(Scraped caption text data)
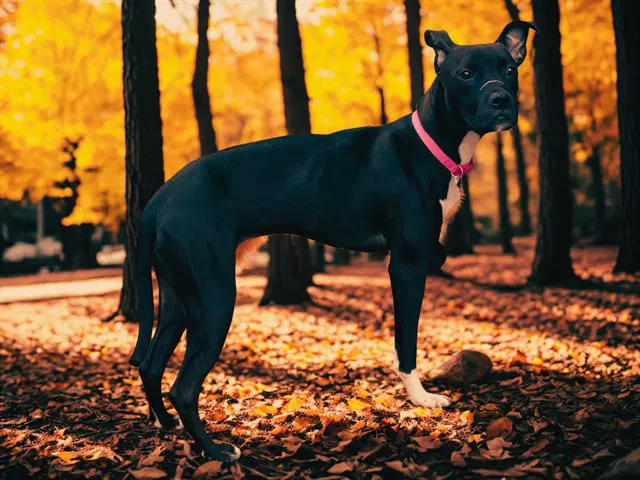 Gloria - Pit Bull Terrier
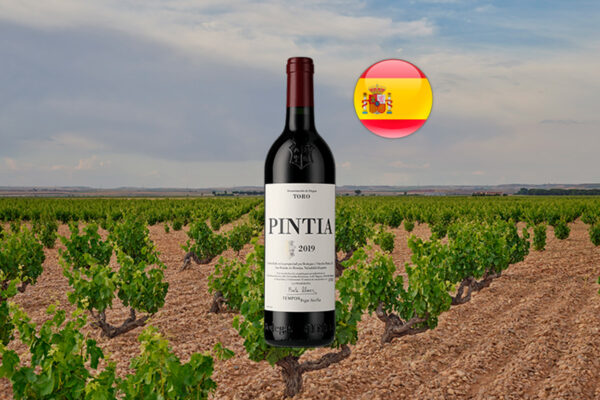 Pintia 2019 - Thumbnail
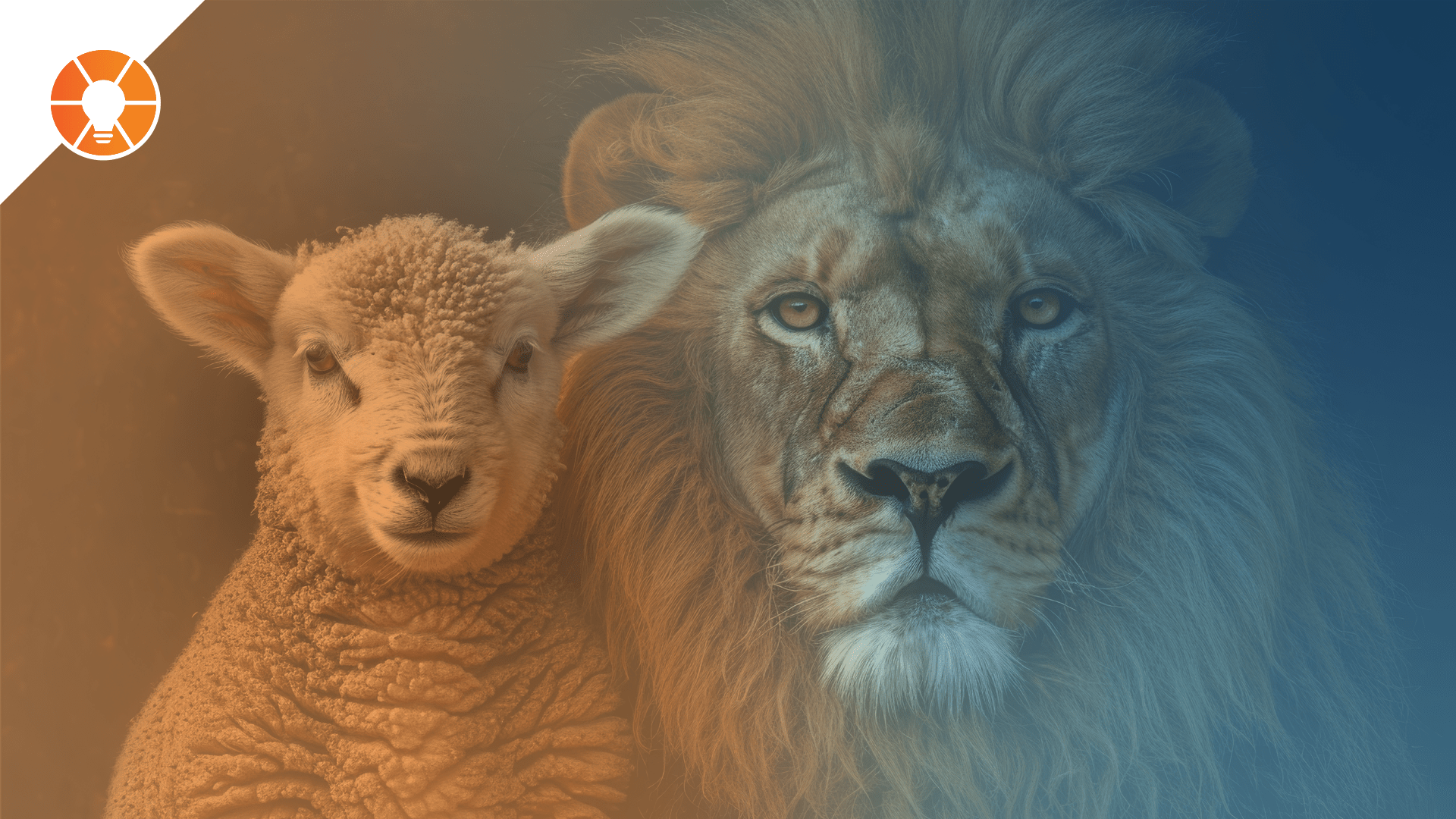 From Lion to Lamb & Back Again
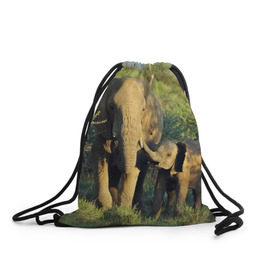 Рюкзак-мешок 3D с принтом Слониха и слоненок в природе в Тюмени, 100% полиэстер | плотность ткани — 200 г/м2, размер — 35 х 45 см; лямки — толстые шнурки, застежка на шнуровке, без карманов и подкладки | африка | африканский | бивни | большой | гигант джунгли | зоопарк | индийский | индия | лесной великан | мамонт | огромный | саванна | сафари | серый | слон | слоненок | слониха | стадо | уши | хобот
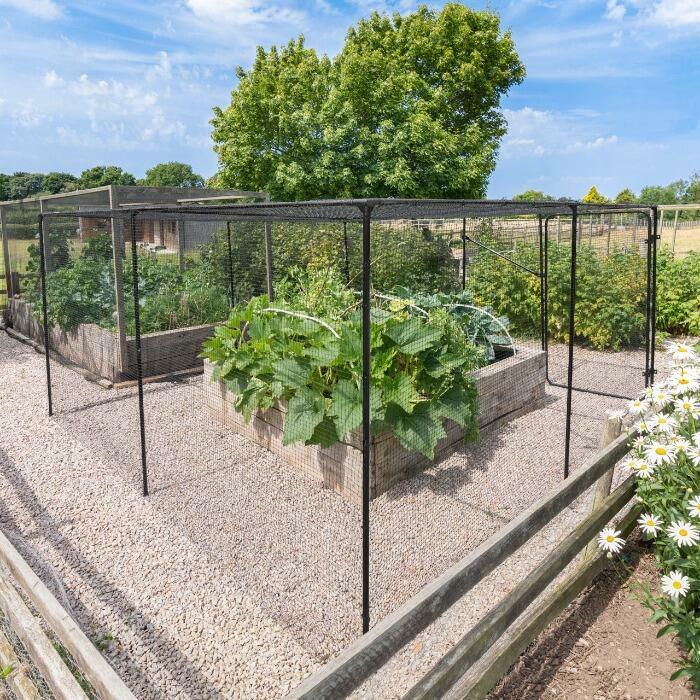 Walk In Fruit Cages | Vegetable Cages For The Garden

### What needs to be done
Could the entries above be written out word for word, pictures excluded?

### Reply
 Gloria - Pit Bull Terrier
 Pintia 2019 - Thumbnail
 From Lion to Lamb & Back Again
 Рюкзак-мешок 3D с принтом Слониха и слоненок в природе в Тюмени, 100% полиэстер | плотность ткани — 200 г/м2, размер — 35 х 45 см; лямки — толстые шнурки, застежка на шнуровке, без карманов и подкладки | африка | африканский | бивни | большой | гигант джунгли | зоопарк | индийский | индия | лесной великан | мамонт | огромный | саванна | сафари | серый | слон | слоненок | слониха | стадо | уши | хобот
 Walk In Fruit Cages | Vegetable Cages For The Garden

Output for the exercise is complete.